Dan-wanna-M / formatron

Formatron empowers everyone to control the format of language models' output with minimal overhead.
MIT License
163 stars 6 forks source link

Not working under exllamav2 integration #23

Closed saturosfz closed 3 weeks ago

saturosfz commented 3 weeks ago

Version: formatron 0.4.7 exllamav2 0.2.3 Problem: output incomplete json Code:

from exllamav2 import ExLlamaV2, ExLlamaV2Config, ExLlamaV2Cache, ExLlamaV2Tokenizer
from exllamav2.generator import ExLlamaV2DynamicGenerator
from formatron.integrations.exllamav2 import create_formatter_filter
from formatron.formatter import FormatterBuilder
from formatron.schemas.pydantic import ClassSchema

model_dir = "/data/models/Qwen2.5-14B-Instruct-8.0bpw-h8-exl2"
config = ExLlamaV2Config(model_dir)
config.arch_compat_overrides()
model = ExLlamaV2(config)
cache = ExLlamaV2Cache(model, max_seq_len = 4096, lazy = True)
model.load_autosplit(cache, progress = True)
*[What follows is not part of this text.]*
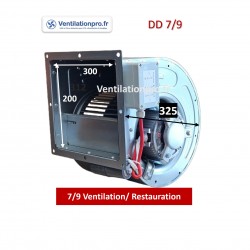 Moto-ventilateur DD 7/9- 350w -4P- 1 vitesse - 230v -extracteur pour hotte de cuisine pro et VMC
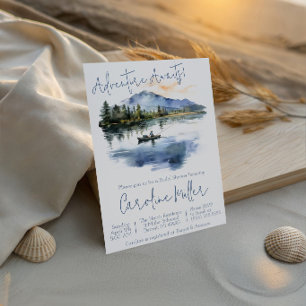 Adventure Awaits! Fishing, Mountains Bridal Shower Invitation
print("Loading tokenizer...")
tokenizer = ExLlamaV2Tokenizer(config)

# Initialize the generator with all default parameters
generator = ExLlamaV2DynamicGenerator(
    model = model,
    cache = cache,
    tokenizer = tokenizer,
)

class Superhero(ClassSchema):
    name: str
    secret_identity: str

f = FormatterBuilder()
f.append_line(f"{f.json(Superhero, capture_name='output')}")
lmfilter = create_formatter_filter(model, tokenizer, f)
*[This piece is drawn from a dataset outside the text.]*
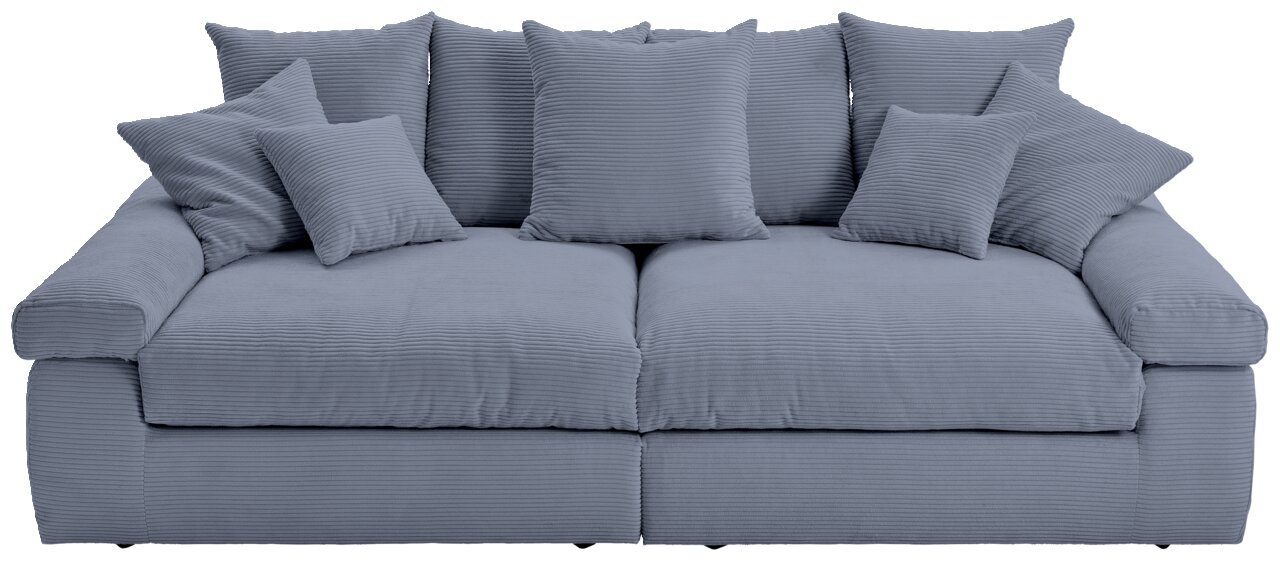 Großes, graues Big-Sofa mit mehreren Kissen, Vorderansicht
output = generator.generate(
    prompt = "Here is some information about Superman:\n\n",
    filters = [lmfilter],
    filter_prefer_eos = True,
    max_new_tokens = 300,
    add_bos = True,
    stop_conditions = [tokenizer.eos_token_id],
    completion_only = True
)

print(output)
saturosfz commented 3 weeks ago

worked under exllamav2 dev branch

Dan-wanna-M commented 3 weeks ago

For people encountering the same issue in exllamav2 v0.2.3, if filter_prefer_eos=False then it will work as intended as well. Currently Formatron treats eos_token as a normal token so filter_prefer_eos=True will always sample eos_token once it is allowed.